You cannot imagine what a thrill it was, the day I found my blue compotier. I had loved Pierre Bonnard’s compotiers, scattered here and there through various paintings, sometimes filling a subordinate role, sometimes occupying center stage. It is completely irrational to love an inanimate object that way, even if it is made of blue glass and has little tear-drop patterns around its roller-coaster-wavering rim. The way that things are colored through it! The way it stands so elegant and tall. Crazy, perhaps, but Bonnard was crazy first and infected my brain through his pictures.
Last night I wasn’t sleepy. So I stayed up with my compotier and made a series of drawings. Here are the “apples of my eyes.” After making the first, I was just getting warmed up, and I pulled out another sheet to sing another silent verse. The second is a lot like the first. I must have really believed what I drew since the two agree in many parts.
For the third go around, nearing Three O’Clock in the Morning, I was ready for a little change of pace.
A little off topic, but evidently there’s no American way of saying “compotier.” American’s have to do it in as French a manner as they can manage. As an Anglo word, the Brit’s have it all wrapped up. [If you click on the little UK flag at the link, you’ll hear the British pronunciation. Do note, that there’s no little American flag. And the Australians and the Canadians …? What they do with this word is anybody’s guess. Is there an Australian in the house?]

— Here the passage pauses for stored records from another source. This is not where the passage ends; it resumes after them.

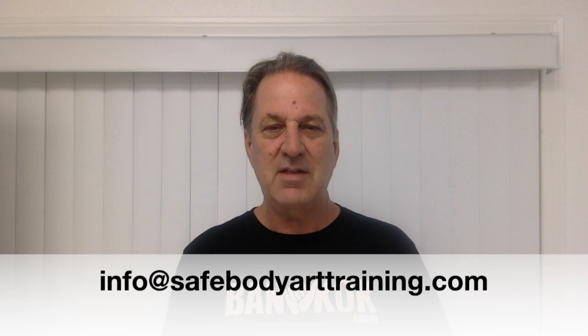Hi everybody, Tommy T here. Thank you so much for watching my series on AB 300. As I go through this program, it's important that you understand everything I'm explaining. If you have any questions during the presentation, please email me at info@safebodyarttraining.com. The most important person in the classroom is always the student — that's you. By the time you're done with this series, you will be an expert on following regulations in the body piercing industry.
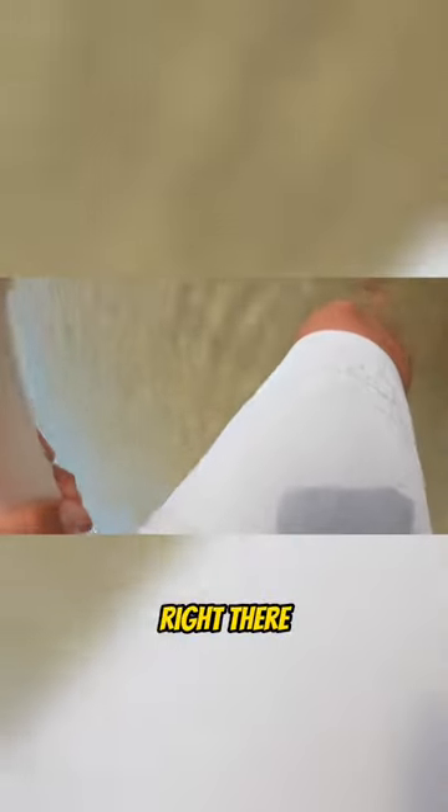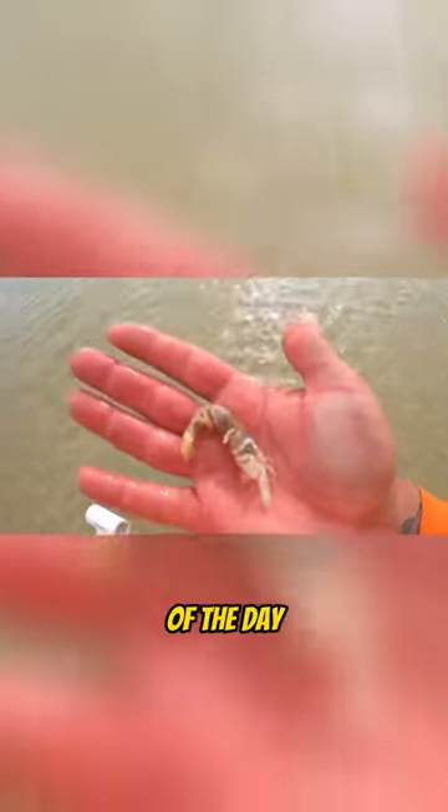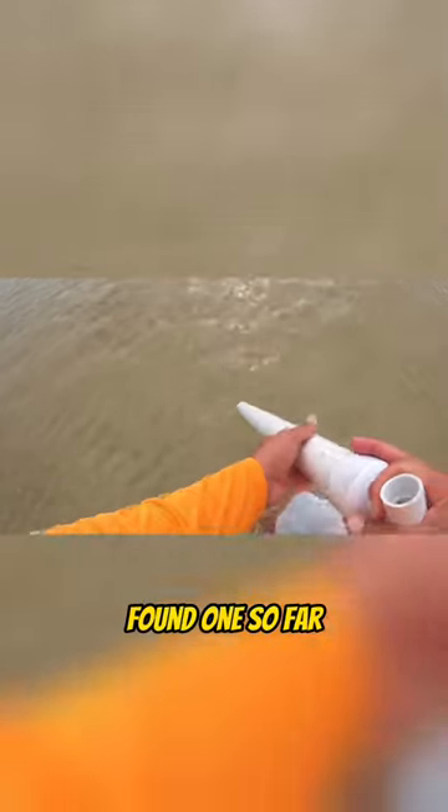Oh, there's one right there — first ghost shrimp of the day, that's a nice one. I got one, two, there's another one. Sounds like beach bum is struggling over there, he's only found one so far. I'll sell you something if you need me to.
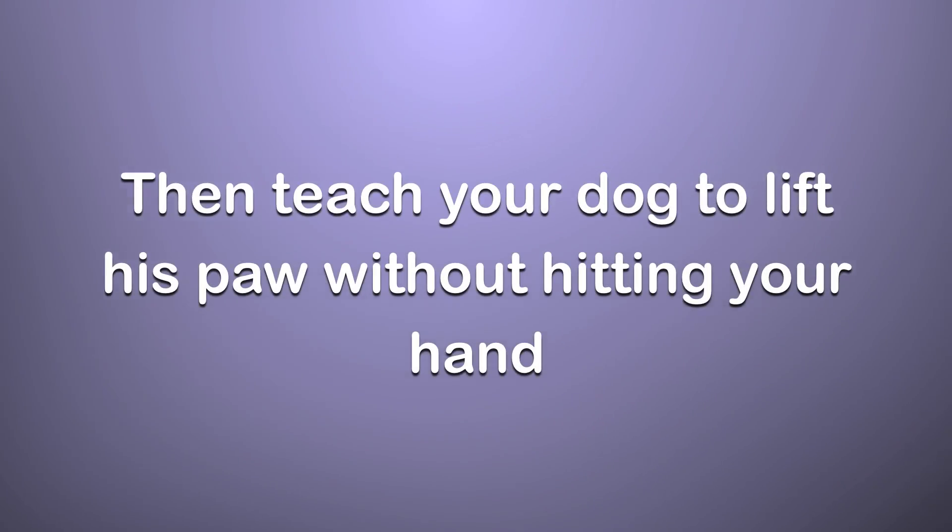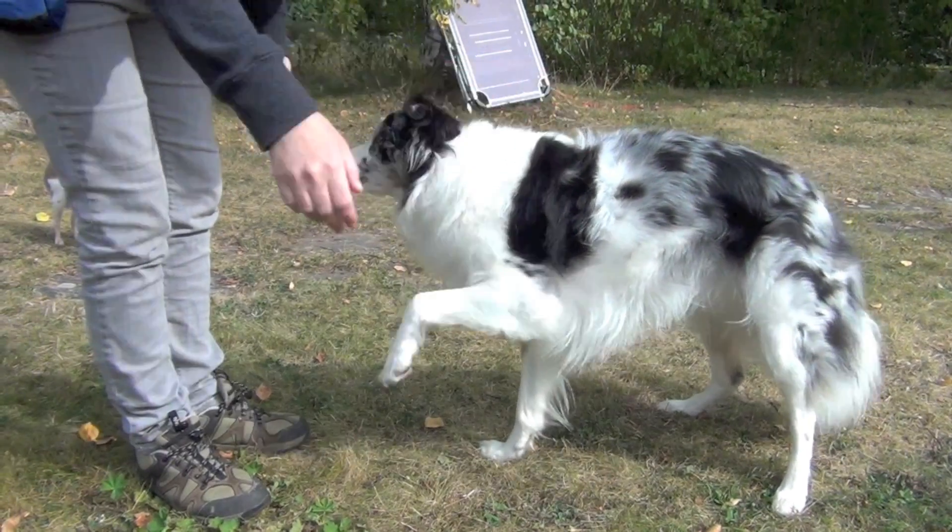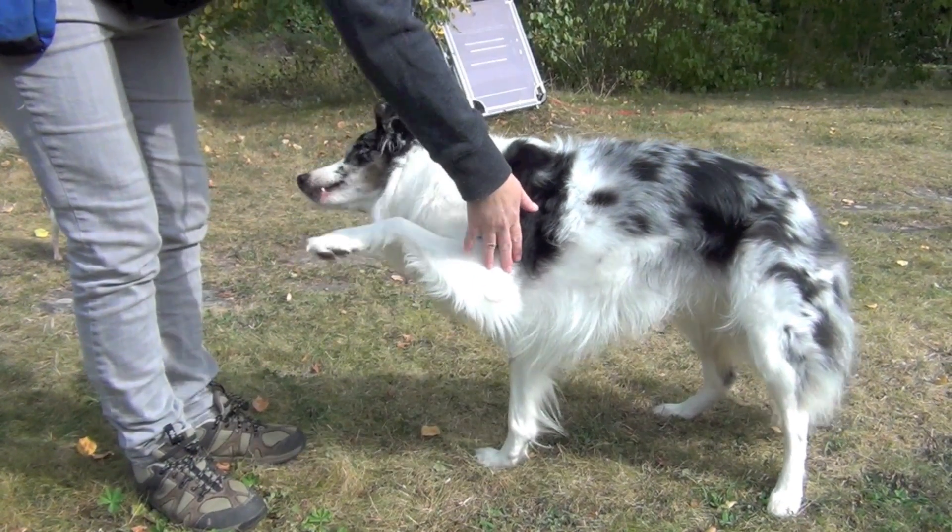Next, teach your dog to lift his paw without hitting your hand. You can do this by holding your hand to the side or higher up.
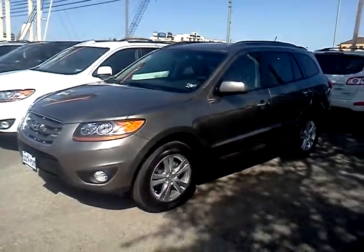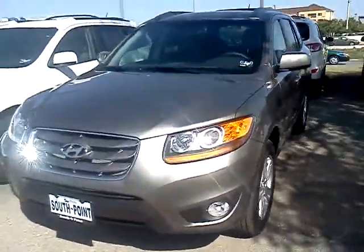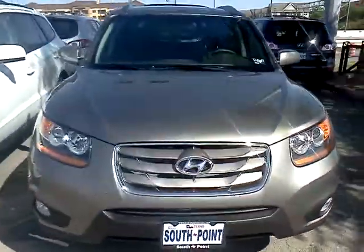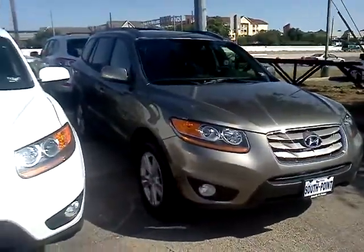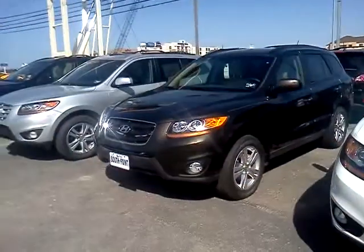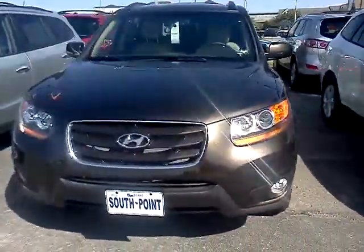Hi Brian, this is Vince with South Point Hyundai. Here's the mineral gray — look at that brown look to it. That's espresso brown. Tones it down a bit. So it's not quite as dark as we previously discussed.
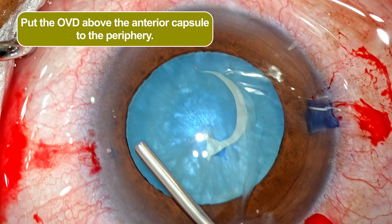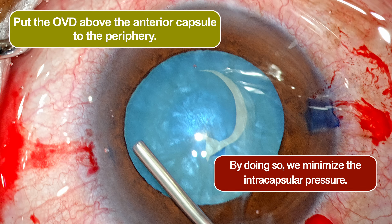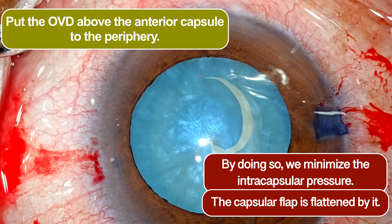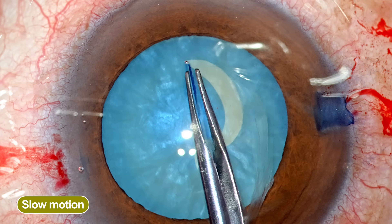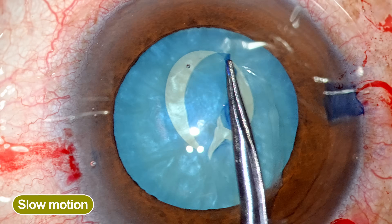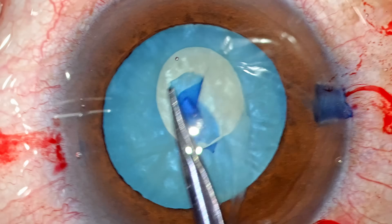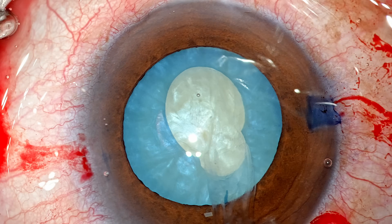I am consciously placing the OVD in the periphery, almost near the angle. This ensures the OVD does not enter the capsule bag opening — which would again increase the intracapsular pressure — and it also flattens the capsule flap. The strategy is not to fold the capsule. Typically we fold the capsule and tear; in this case we keep it flat and pull it centripetally. This results in a tear that is slightly uncontrolled, but rest assured it is unlikely to run towards the equator — it is always being pulled towards the center. There was also a small notch which I took care of before decompressing the bag.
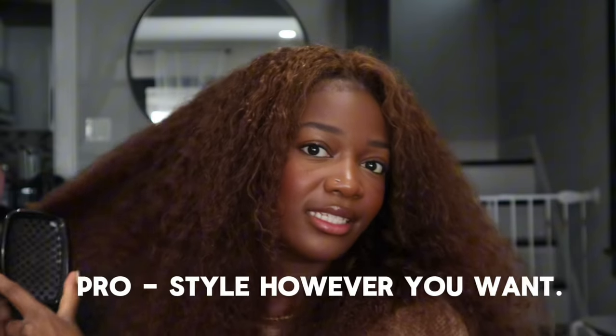A big pro for human hair crochet is that I can style it however I want — curl it, blow it out, or leave it like this, which is a look. This is low maintenance: just brush the curls and wear it. I can honestly just leave it and go out or do a simple photo shoot. This is eating — I might have to do this style for a photo shoot because I literally just brushed my curls and it looked this good.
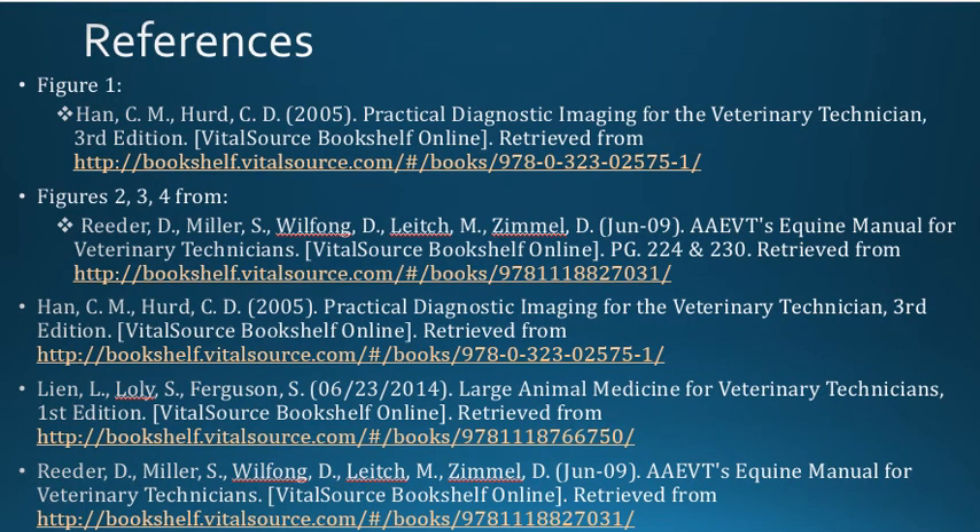Remember to have at least two people with you to take the radiograph, and you can sedate the horse in order to take fewer images.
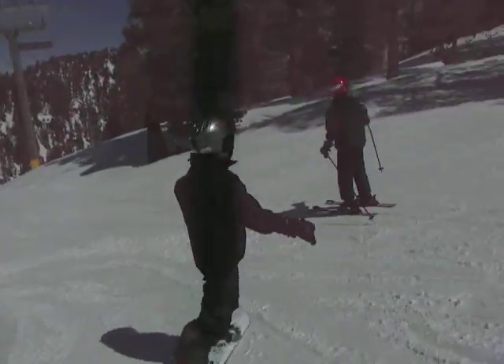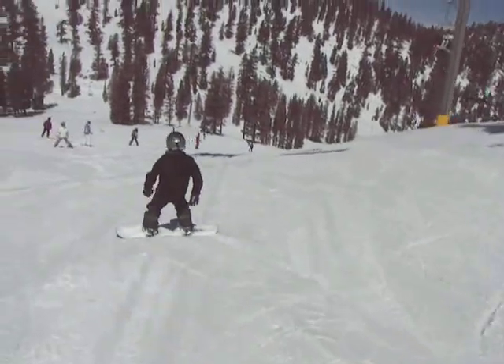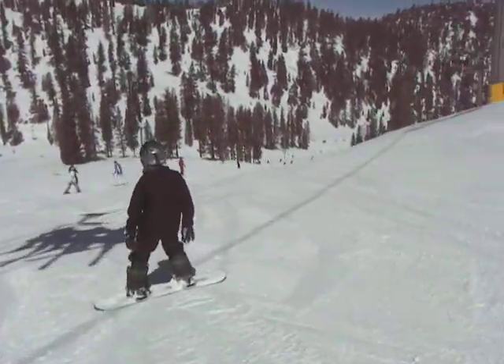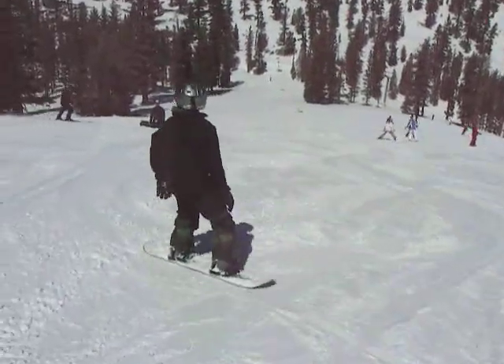Okay, now go heel side. Turn the board, slow down. Go across the hill on your heel edge. Stop the board.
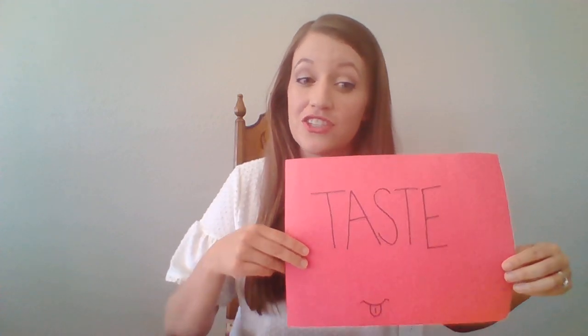Sense of taste is on red paper to remind us of our tongue. If our character is walking through the desert, maybe his lips are covered with sweat and it tastes salty on his tongue. That's describing the scene using your sense of taste.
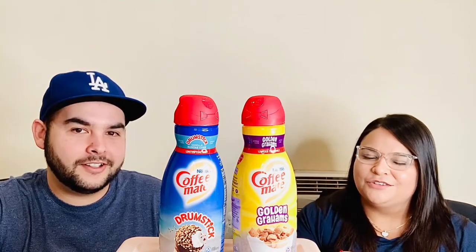So we have the Golden Graham one — I heard it's really, really good. And then we have the Vanilla Ice Cream Cones, inspired by the Drumstick Cones. I just feel like it's going to taste like vanilla and kind of peanuts. I hope so. I feel like it's going to be more of the coating rather than the ice cream.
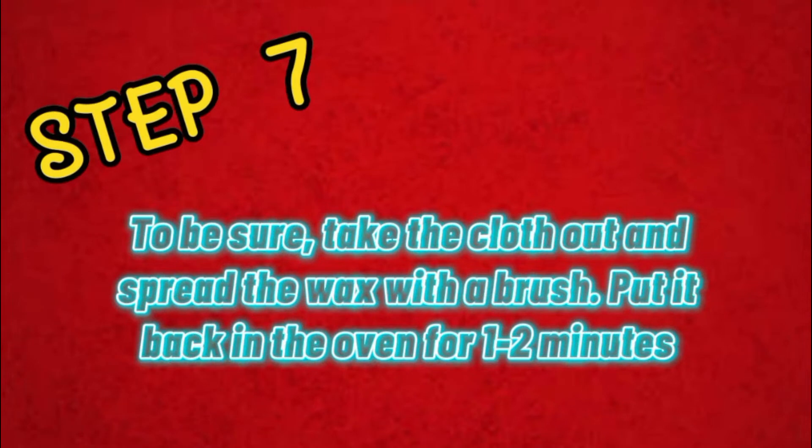Step 7: To be sure, take the cloth out and spread the wax with a brush, then put it back in the oven for 1–2 minutes.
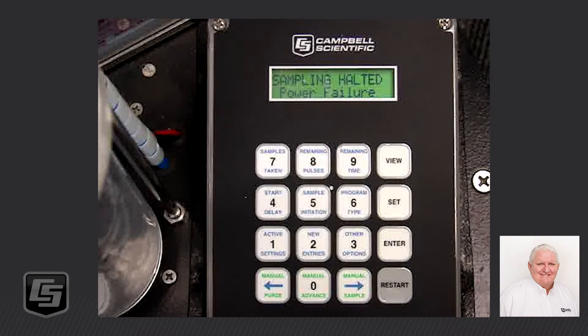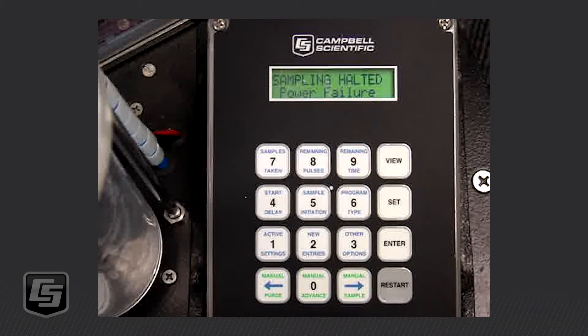Hello, this is Ron at Campbell Scientific. Today I'm going to walk through how to program the 16-touch keypad for a start delay of a time/day program with intervals set at 15 minutes on a composite sampler.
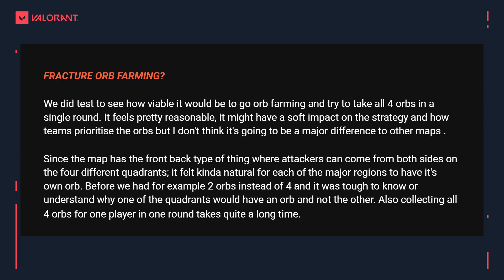Finally, an interesting question about Fracture: because there are four different quadrants to attack from, there are four orbs — meaning an agent like Skye could theoretically go hungry-hippos and collect all four orbs to get more than halfway to her ultimate in one round. The devs say they tested orb farming and it felt pretty reasonable — it might softly impact how teams prioritize orbs but shouldn't be a major difference. Collecting all four orbs in one round takes quite a long time, and from playing it the host confirms you're kind of throwing by trying to farm all the orbs since you're not participating in fights.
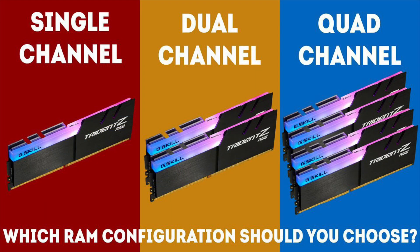If your laptop has two slots for RAM, then it can take advantage of dual channel memory. If your laptop only has one slot, then it may be single channel, which can impact your performance slightly.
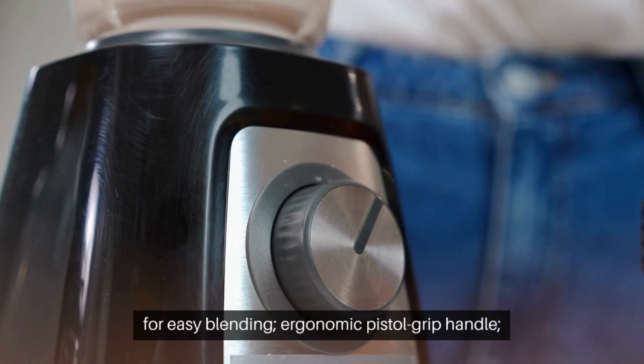The Breville BSB 5.1 OXL Control Grip Immersion Blender is a versatile kitchen appliance that can be used for a variety of tasks, including blending smoothies, soups, sauces, and dips. It features a 280-watt motor, a bell-shaped base that minimizes suction, and an ergonomic pistol grip handle for comfortable operation.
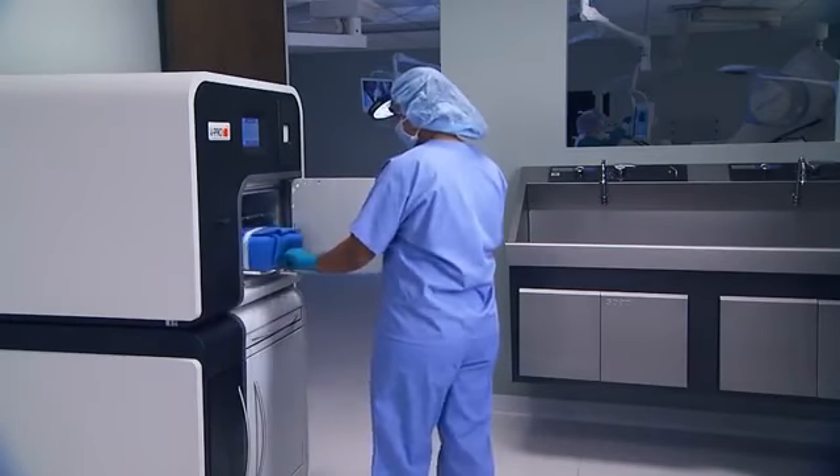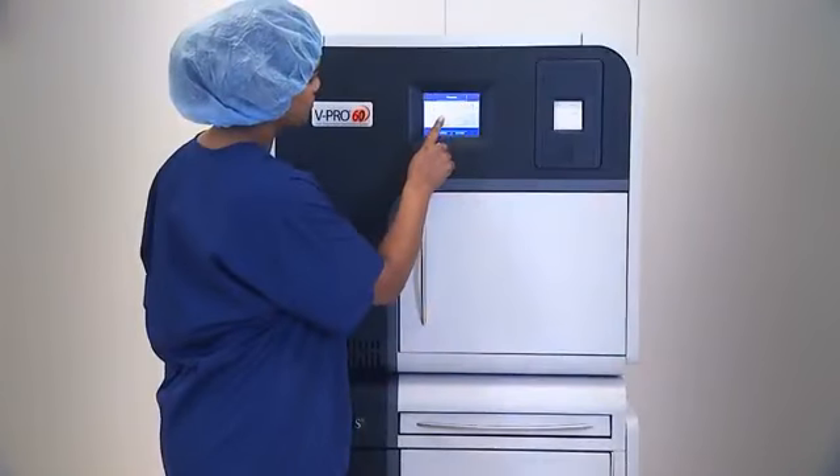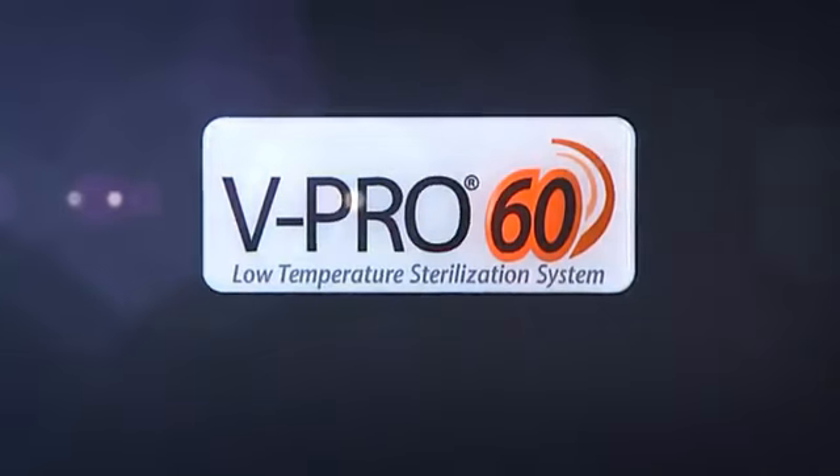From the leader in infection prevention solutions, introducing the newest member of the vPro product line: the vPro60 Low Temperature Sterilization System.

Anyway, I got some nice detail photos of the rim shot moments (hat tip to the late great Paul Squires of Gingatao).
I dare you to find a fish in there. (Regular readers realize that I haven’t gone totally batty.”
No koi, just apples!
And after that it was to bed! Zzzzzzzzzzzzzzzz.
9 thoughts on “Comportment, compotier”
I do believe i have been gone far too long.
As still life go, i think you nailed this one.
The angles and perspective is spot on
Wonderful! I see one fish 🙂 or is it a dolphin. I am renouned for my mispronunciation of words (especially the names of towns) and the Australian for compotier would sound something like com poat e a (with the emphasis on the poat) and a horrible drawing out and flattening of the word in the lazy way we have (as of necessity to keep the flies out of our mouths when we speak) – haha. Your second drawing has a lovely softness to the fruit and toffee glassiness to the bowl – adorable.
I have turned into a frog by the way (in case you were wondering where the puppy has gone to)!
k- thank you! and welcome back. We have just celebrated Thanksgiving here in the States and are even today still fighting over the remains of the pumpkin pie!
One fish, Gabe! How he sneak in there!? Australian word-pronoucing practices sound fabulous. If there are many flies, how convenient that you are now a frog! (And can you throw your voice so cleverly?)
For those not familiar with Paul Squires’s Gingatao, the frog who throws his voice so cleverly can be found here:
“compotier” is an unknown word in Canada I’m afraid.
Never heard it here but we did use it a lot in my family being freshly imported from the country of Bonnard.
I did not spot any fish this time because I was totally and suddenly immersed in the transparent blue with reflections of turquoise, mauve, green of your compotier.
Thanks for that pronunciation, gives a new twist to the word.
Compotier, an unknown word in Canada?! Say it ain’t so. Oh, Canada!
We must import some compotiers to Canada! Or some Bonnards! Or both!